20 May, 2009

Galaxy Game

Galaxy Game was one of the first coin-operated game-machines around (now known primarily as arcade-games).

It was developed by a Stanford University grad named Bill Pitts and his highschool friend Hugh Tuck. They based the game on Spacewar!, which was developed in 1961 for the PDP-1 and later ported to a variety of other platforms, while Galaxy Game was developed on a PDP-11/20 with a vector display.

I read an article about the game featured on Google Blog, which then inspired me to write about it since I'm quite fond of antique computer games and/or programs.

If you want to know more about this inspiring game, read this article from the infolab@Stanford.

On a side-note: arcade-games have evolved exponentially over the years since the 1970's. Arcade-games in the 70's were mostly nothing more than flat computer-programs designed to entertain people.

To give an example, most games in that era were simple (not as in "non-complex" though) 2d graphical interactive computer applications, like "PacMan" or "Galaga" (allthough Galaga didn't appear until the beginning of the 80's, it still resembled games from the 70's), while as arcade-games in our day and age are usually *NOT* simple and *NOT* 2d-based. But rather, they are powered by complex 3D computations, complex audio modulation and some even contain libraries to emulate physical environments to appear more realistic to the gamers. To achieve this realism, arcade-vendors now have to design and implement accelerated hardware into their arcade-game machines, which, given the current economic status of the world, is quite an expense.
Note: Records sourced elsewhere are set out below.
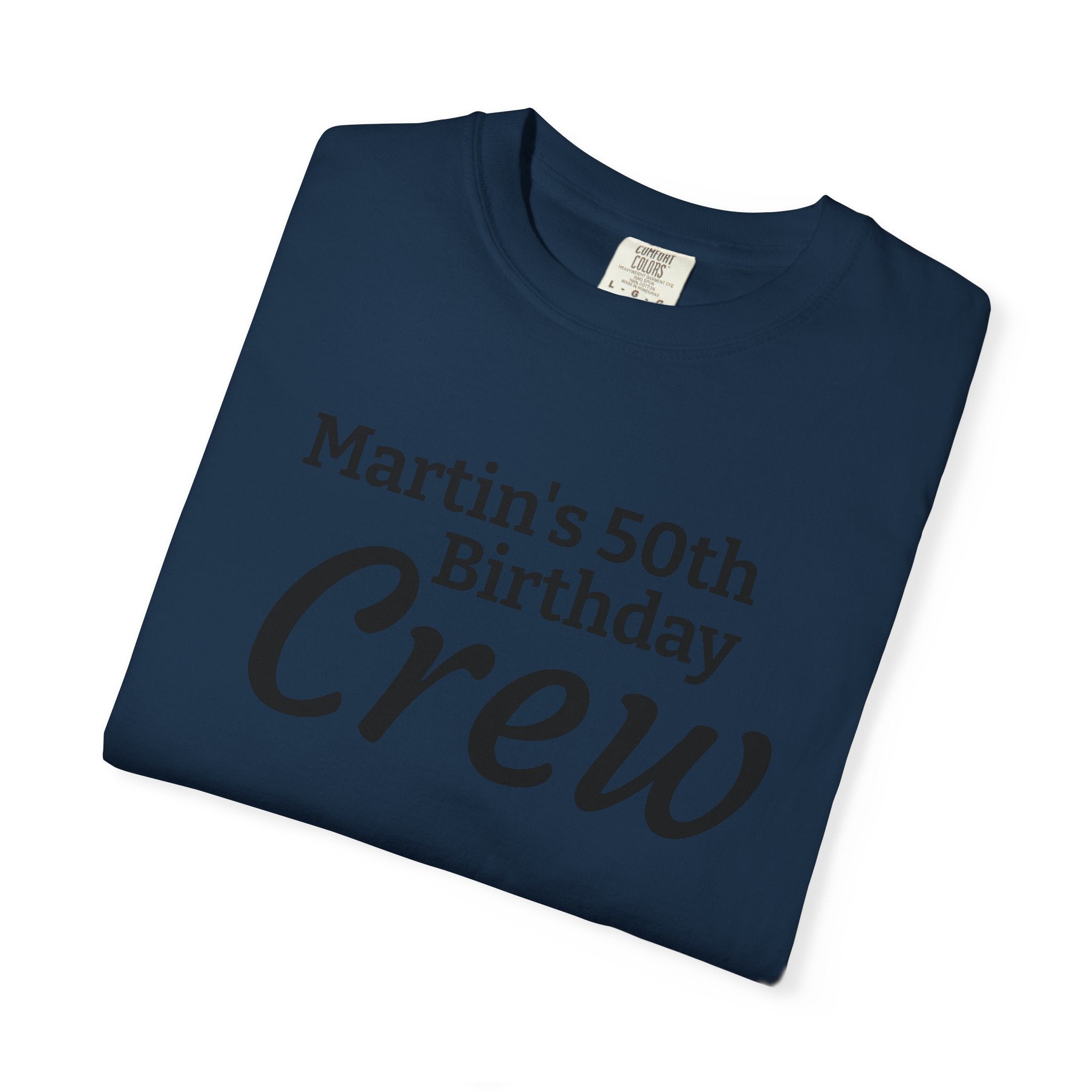 Personalized Birthday Crew T-Shirt — "Martin's 50th Birthday Crew" Party Tee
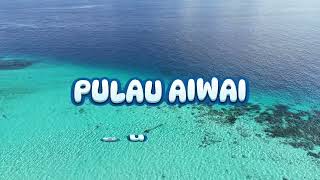 Keindahan Pulau Aiwai #wisata #wisataalam #pulauaiwai #adventure #mancing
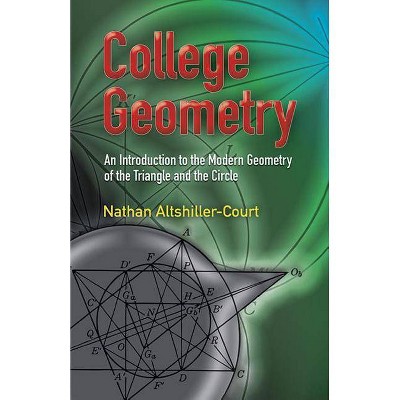 College Geometry - (Dover Books on Mathematics) 2nd Edition by  Nathan Altshiller-Court (Paperback)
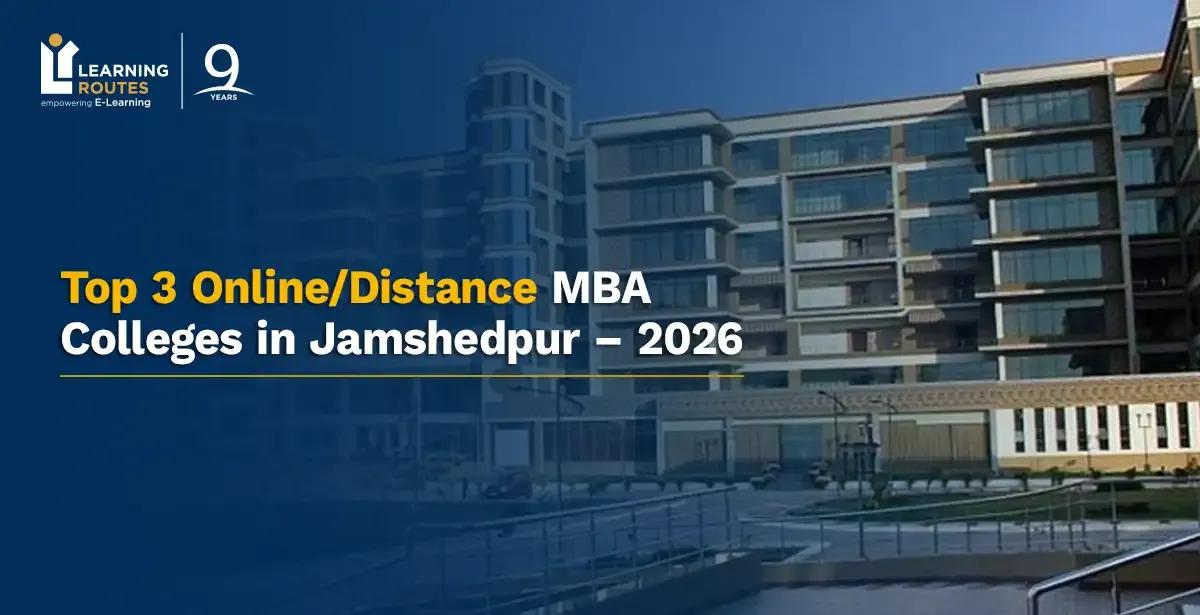 Top 3 Online/Distance MBA Colleges in Jamshedpur – 2026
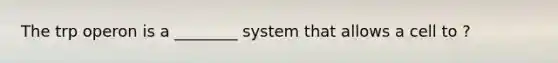 The trp operon is a ________ system that allows a cell to ?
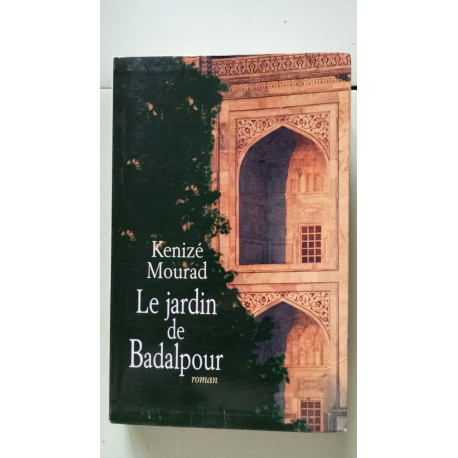 Le jardin de Badalpour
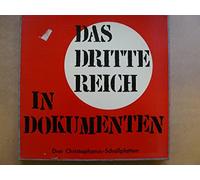 div. Künstler - DAS DRITTE REICH IN DOKUMENTEN / Eine Hörfolge zur Zeitgeschichte / LP-Box mit 3 LP und einer SP sowie einer 4-seitigen Textbeilage mit Beiblatt / CHRISTOPHORUS-VERLAG HERDER # CGLP 75 700/1/2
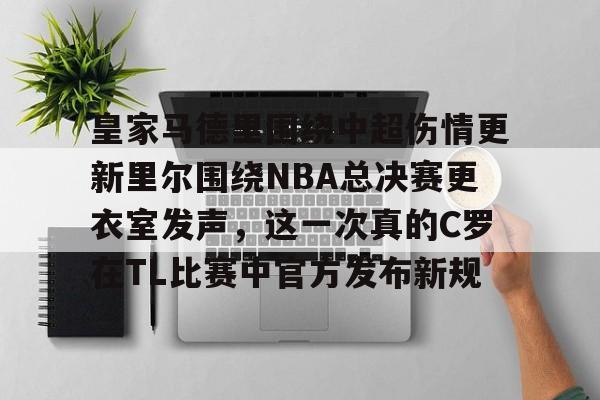 皇家马德里围绕中超伤情更新里尔围绕NBA总决赛更衣室发声,这一次真的C罗在TL比赛中官方发布新规的简单介绍 皇家马德里围绕中超伤情更新里尔围绕NBA总决赛更衣室发声,这一次真的C罗在TL比赛中官方发布新规的简单介绍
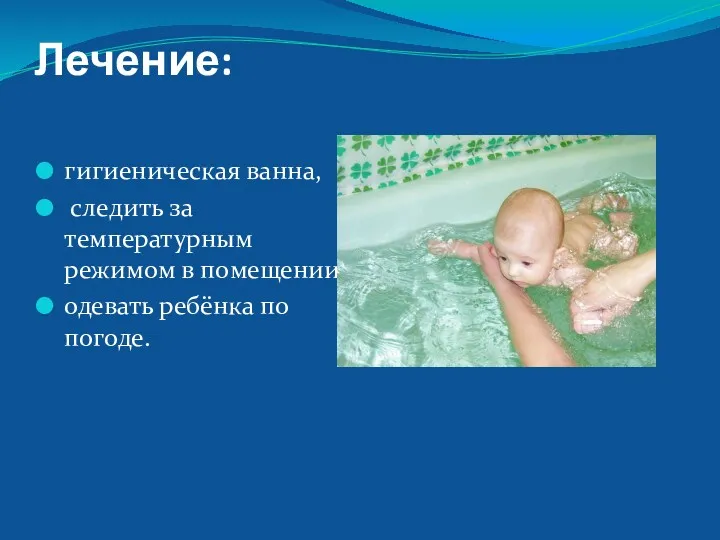 Лечение: гигиеническая ванна, следить за температурным режимом в помещении, одевать ребёнка по погоде.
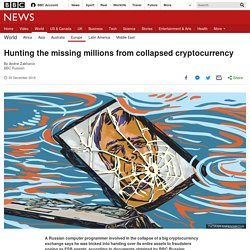 Hunting the missing millions from collapsed cryptocurrency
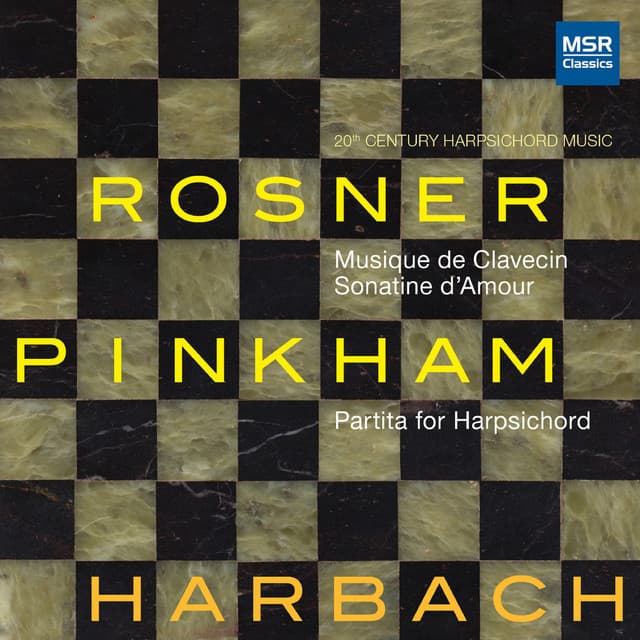 Rosner and Pinkham: 20th Century Harpsichord Music - Barbara Harbach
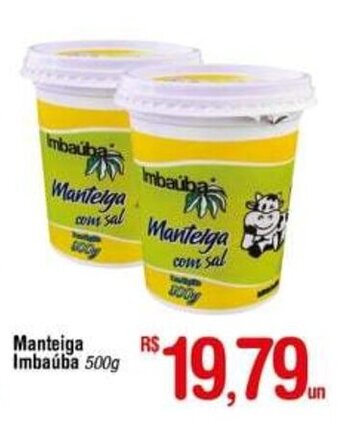 Fort Atacadista Manteiga Imbauba 500g oferta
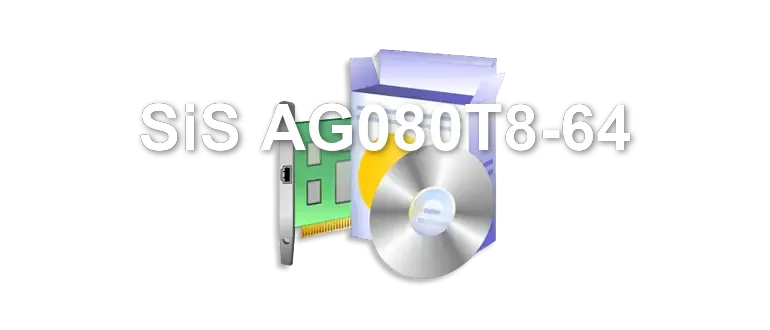 SiS AG080T8-64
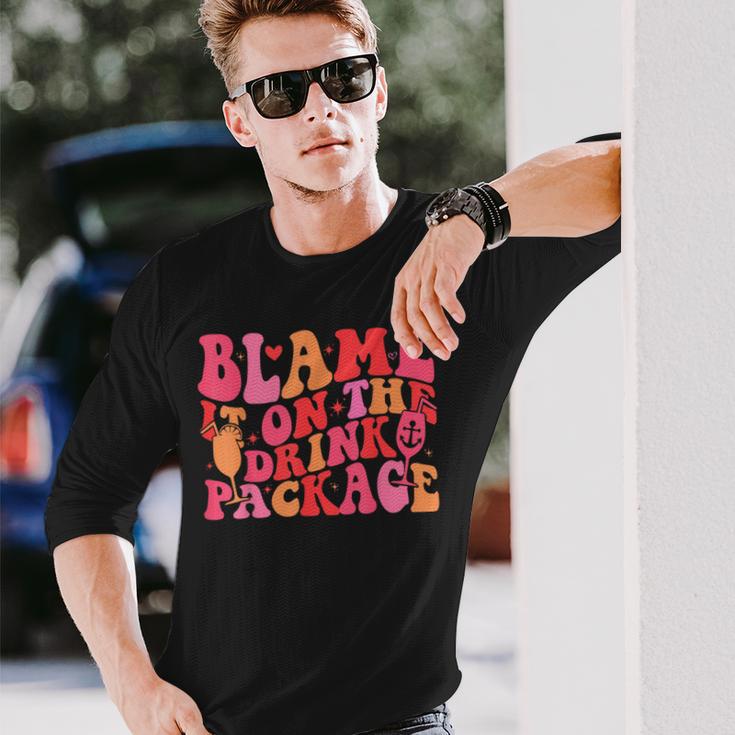 Cruise Matching Quote Blame It On The Drink Package Long Sleeve T-Shirt Gifts for Him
I basically foresee that the arcade-market is going to slow down the coming years, which is kind of sad in my opinion. Arcade-games have been the gaming industry's testpads for upcoming game-features since the late 80's. But since we now have the Internet, there is no longer a strong demand for physical gaming machines.

Instead we have emulators, virtual machines and high bandwidth for which to connect the core-software to the game-data online, or locally. The possibilities are endless.